Incidentally this is interesting, inasmuch as the visceral organs in gout evince a tendency to fibrosis. But, as Gideon Wells observes, “the actual increase of uric acid in the blood and tissues in gout is so slight that we are not warranted in saying that the usual tendency to sclerosis in all the organs in gout is due to the action of uric acid rather than to some other unknown agent or agents.” In view of these revelations, is it not infinitely more likely that the chronic interstitial fibroses in gout are the outcome of such sub-infection?
The assumption gathers weight in light of the experimental proof adduced by Adami that not only tubercle bacilli, but streptococci and other organisms, taken orally, can gain an entrance into the system. Upon this basis we get a clear conception of the possible relationship of gout to local foci of infection. Thus, whether it be a condition of oral sepsis—pyorrhœa alveolaris, tonsillar sepsis, sinus disease, intestinal disorders, constipation, and so forth—we see that it is highly probable that organisms at any one of such infective foci may gain access to the blood-stream with subsequent installation of local lesions in joints or other structures.

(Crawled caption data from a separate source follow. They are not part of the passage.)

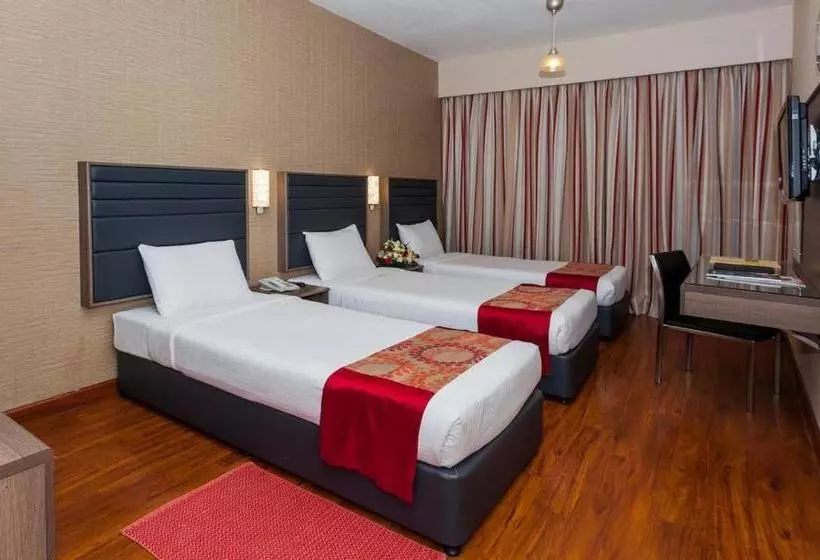 Отель Oasis Deira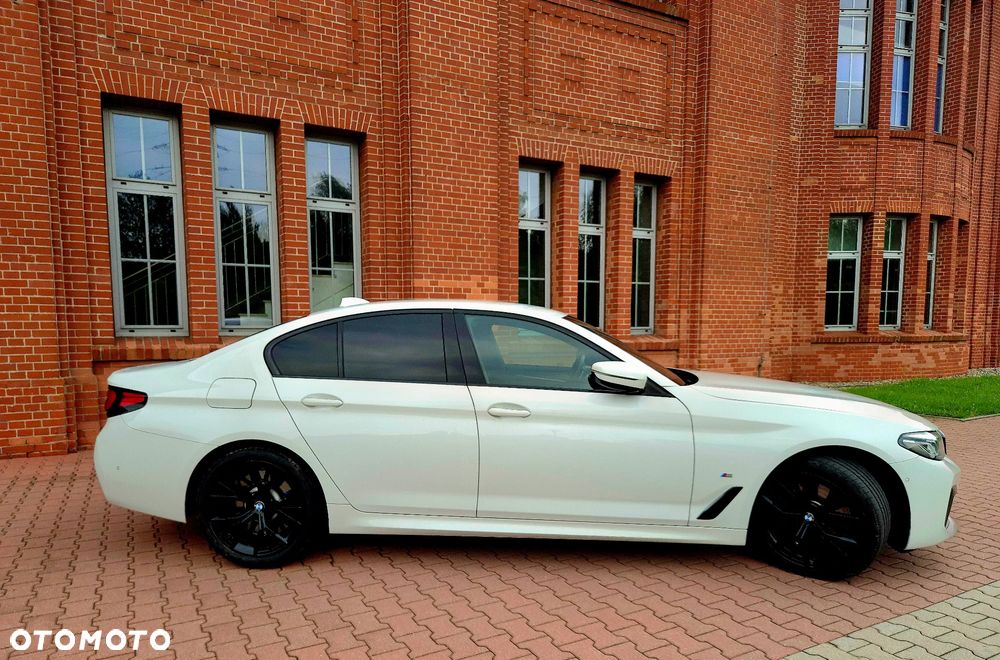 BMW Seria 5 540i xDrive mHEV M Sport sport - 10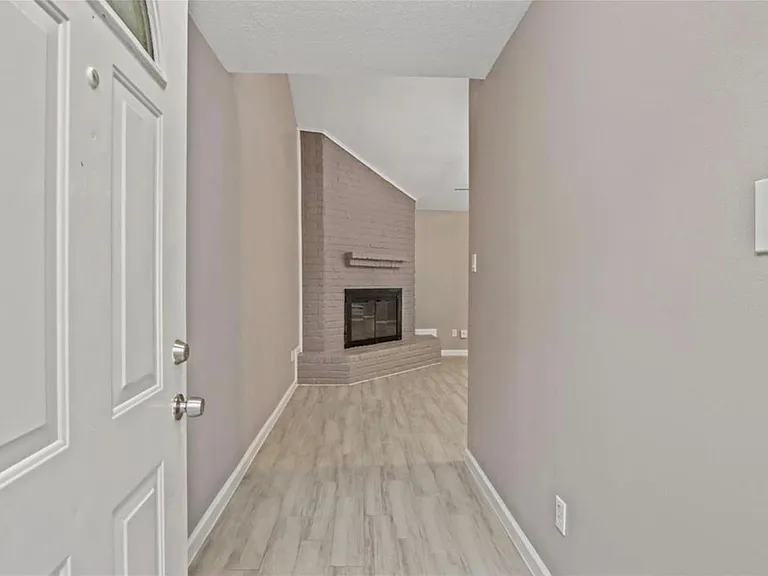6903 White Tail Dr — Photo 4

Now, as pointed out, inflammatory states or functional derangements of the alimentary tract, whether focal or diffuse, favour the ingress into the tissues of organisms. Is it not reasonable, therefore, we ask, to suppose that the functional derangements which so commonly precede or accompany gout may modify the character of the intestinal flora, and promote their migration inwards in greater numbers? The inevitable swiftness with which relapses or exacerbations of this disorder follow even venial dietetic indiscretions distinctly favours this assumption, one, moreover, substantiated by the amelioration or immunity which follows abstention from the offending foodstuffs. The often prolonged course, too, of gout, and its marked liability to periodic recurrence, would be explicable as the outcome of a continued or intermittent series of sub-infections.